Stern in commenting on the number of the beast says that "the name of Messiah in Greek, Iēsous, equals 888; seven is regarded as the perfect number; and triple repetition symbolizes absolute ultimacy…Therefore 888 means that Yeshua is absolutely beyond perfection (829). Thus, to say that the Antichrist is "an eighth" means that he will have far greater power and be even more ruthless than any previous empire ruler in history. When compared to Yeshua the Messiah, the true King of the age to come, the Antichrist is evil personified whose legacy will be the great tribulation, which eclipses any previous tribulation (Matt 24:21).

and is of the seven: The angel may be making a connection between the past-oriented explanation of kings and the future-oriented prophecy of kings in the beast-confederation in the next verse. In other words, the beast-Antichrist was one of the seven historical kings, but he is the eighth member of a group of kings that exist at the end of history, parallel to the "little horn" of Daniel 7:8. The Antichrist is also of the seven in that he will have the same bent toward wickedness and hatred of God and his people. and he goes into destruction: The clarification is ended with a reminder that no matter how many times the beast has appeared he will be destroyed in the end by the Almighty God.

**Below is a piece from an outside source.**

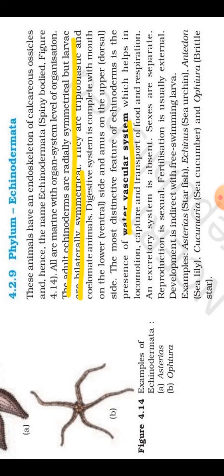Sexes are separate — they are dioecious. Reproduction is sexual; no asexual reproduction is present. As we move toward higher phyla like Mollusca and Arthropoda, only sexual reproduction is seen. Fertilization is external — because they are aquatic animals, eggs and sperms are released in water. Development is indirect; no direct development is seen in Echinodermata. A free-swimming larval form is present, which finally changes into the adult.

Explanation of the Ten Horns (17:12-14)

12― "And the ten horns which you saw are ten kings who have not yet received a kingdom, but they receive authority as kings with the beast for one hour.

And the ten horns: Now the angel explains that the ten horns of the beast symbolize ten kings. While the "seven kings" have a connection with the past, the ten kings will be in the future for they "have not yet" received a kingdom. The use of the term "king" may not be merely a reference to first century political terminology, but a forecast that the Antichrist will restore the monarchical title to his ruling organization. not yet received a kingdom: The use of "not yet" is significant. It would not be in John's lifetime or during the centuries of history ahead of John, but it will be at the very end of the age when the beast-Antichrist reigns. This explanation coincides with the vision given to Daniel, because the beast of the last days he saw had only one head with ten horns. Since these "kings" do not obtain power until the beast-Antichrist comes, speculations regarding present world leaders are not really profitable.

they receive authority … for one hour: When the ten kings come, they reign only "one hour." There is no indication from the context that the duration is symbolic. Marshall translates the Greek as "authority as kings one hour receive with the beast". Instead of saying the reign of the kings lasts one hour the angel is more likely saying that in one hour the political structure of the world changes, totally eliminating the rights of people to elect their governments. In one hour all the independence of nation states and the current United Nations will be replaced with an oligarchy and totalitarian rule of one man.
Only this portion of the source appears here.